Wir nähern uns mit großen Schritten dem Monatsende. In diesen letzten Handelstagen begegnet uns ein häufig untersuchtes Phänomen des Aktienmarktes: der end of the month effect. Was es mit dieser Kalenderanomalie auf sich hat, ist Thema des heutigen Wissensbeitrags.
Was ist der end of the month effect?
Der Monatsende-Effekt besagt, dass in den letzten Handelstagen des zu Ende gehenden Monats die Kurse von Aktien steigen und die Gewinne bis zum Beginn des neuen Monats weiterlaufen. Aus diesem Grund findet man gelegentlich die präzisere Bezeichnung „turn-of-the-month effect“.
Obwohl es keinen allgemein verbindlichen Konsens gibt, argumentiert eine Mehrzahl von Wirtschaftswissenschaftlern dafür, dass die ersten drei Handelstage des neu angebrochenen Monats statistisch relevant sind.

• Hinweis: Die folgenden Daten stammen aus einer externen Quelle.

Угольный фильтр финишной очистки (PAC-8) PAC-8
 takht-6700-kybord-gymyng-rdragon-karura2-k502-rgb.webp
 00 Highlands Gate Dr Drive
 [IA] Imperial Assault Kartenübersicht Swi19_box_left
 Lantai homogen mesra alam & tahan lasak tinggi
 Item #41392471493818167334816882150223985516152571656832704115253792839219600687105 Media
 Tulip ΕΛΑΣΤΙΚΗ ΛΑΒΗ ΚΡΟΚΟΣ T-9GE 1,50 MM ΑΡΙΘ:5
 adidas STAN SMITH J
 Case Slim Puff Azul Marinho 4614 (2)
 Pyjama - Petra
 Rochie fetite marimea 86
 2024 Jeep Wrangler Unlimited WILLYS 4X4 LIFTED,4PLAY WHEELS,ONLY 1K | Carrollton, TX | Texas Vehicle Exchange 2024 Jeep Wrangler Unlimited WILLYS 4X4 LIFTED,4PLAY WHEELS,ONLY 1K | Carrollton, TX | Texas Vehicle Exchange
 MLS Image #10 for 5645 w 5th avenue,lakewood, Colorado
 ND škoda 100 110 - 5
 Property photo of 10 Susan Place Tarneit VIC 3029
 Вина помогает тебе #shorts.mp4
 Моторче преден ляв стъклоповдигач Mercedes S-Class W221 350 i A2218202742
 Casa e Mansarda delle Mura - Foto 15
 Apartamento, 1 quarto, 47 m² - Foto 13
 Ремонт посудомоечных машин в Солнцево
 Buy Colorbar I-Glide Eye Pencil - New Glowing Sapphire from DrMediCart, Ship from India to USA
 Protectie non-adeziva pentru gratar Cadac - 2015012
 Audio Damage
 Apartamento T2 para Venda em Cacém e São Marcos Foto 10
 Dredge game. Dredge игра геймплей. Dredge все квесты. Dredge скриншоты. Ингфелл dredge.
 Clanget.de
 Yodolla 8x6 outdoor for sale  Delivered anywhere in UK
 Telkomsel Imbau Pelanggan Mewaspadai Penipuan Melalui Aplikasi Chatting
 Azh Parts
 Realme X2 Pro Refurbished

Kulturelle Gründe für den Effekt
Interessanterweise zählt der Monatsende-Effekt zu den stabilsten Mustern am Kapitalmarkt. Zu den möglichen Ursachen für dieses häufig wiederkehrende Phänomen werden zwei Begründungen herangezogen. Zum einen erhalten die meisten Menschen ihre Löhne für getane Arbeit sowie Zinsen auf Einlagen oder Dividenden am Ende des Monats ausgezahlt. Kurz: Die Liquidität der retail investors nimmt zu.
Zum anderen gibt es eine Reihe von Studien, in denen das Verhalten institutioneller Investoren untersucht wurde. In diesen Arbeiten wurde die Hypothese aufgestellt, dass mit der Bereinigung verlustbringender Positionen und dem Kauf von Gewinneraktien die Portfolios großer Pensions- und Hedgefonds restrukturiert werden. Dieser Vorgang wird auch als „window dressing“ bezeichnet und bedeutet wörtlich übersetzt „Schaufensterdekoration“.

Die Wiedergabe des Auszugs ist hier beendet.